In the case where the Preamble allows for the possibility that an agent for which there is sufficient evidence of carcinogenicity in animals can be placed in Group 3 (instead of Group 2B, in which it would normally be categorized) when there is strong evidence that the mechanism of carcinogenicity in animals does not operate in humans, this possibility has not yet been used by any working group. Such a possibility could have been envisaged in the case of d-limonene had there been sufficient evidence of its carcinogenicity in animals, since there are data suggesting that α2-microglobulin production in male rat kidney is linked to the renal tumours observed.

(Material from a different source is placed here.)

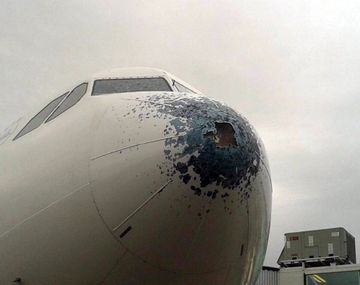 Mirá las fotos del avión golpeado por la tormenta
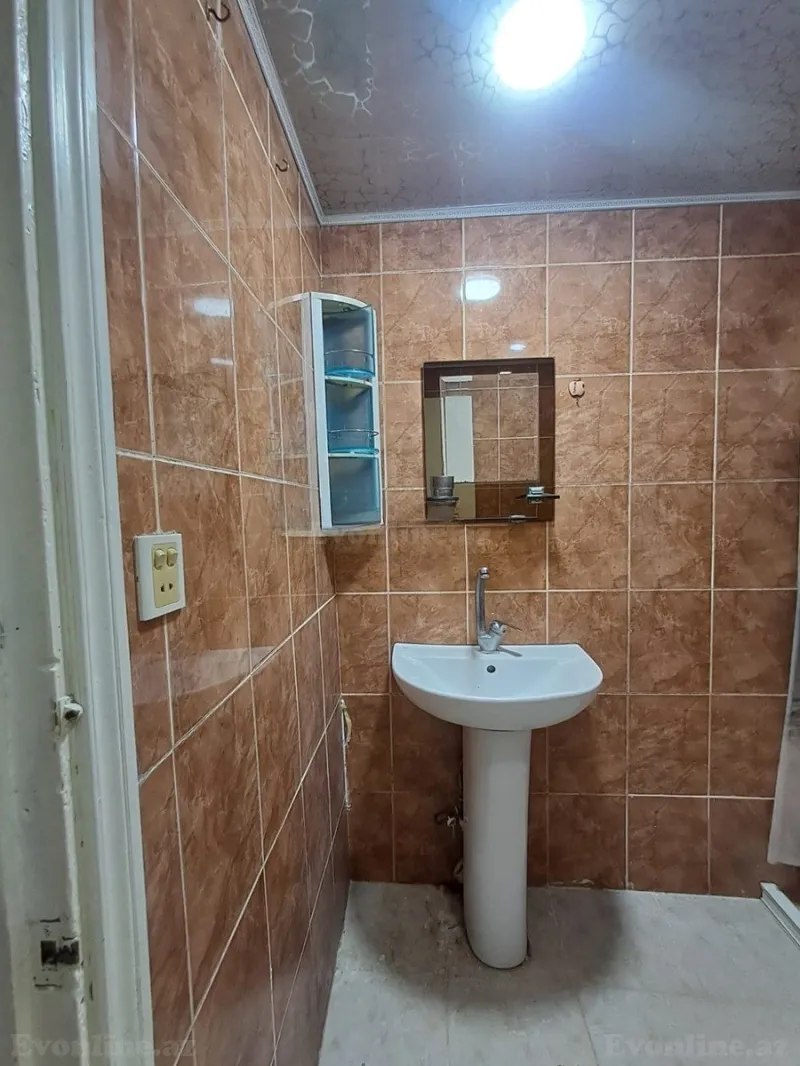 Satılır 2 otaqlı Mənzil Köhnə tikili 40 m² Həzi Aslanov - şəkil 13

Among the many chemicals nominated as priorities by an ad-hoc working group in December 1993, some common postulated intrinsic mechanisms of action appeared or certain classes of agents based upon their biological properties were identified. The working group recommended that before evaluations are made on such agents as peroxisome proliferators, fibres, dusts and thyrostatic agents within the Monographs programme, special ad-hoc groups should be convened to discuss the latest state of the art on their particular mechanisms of action.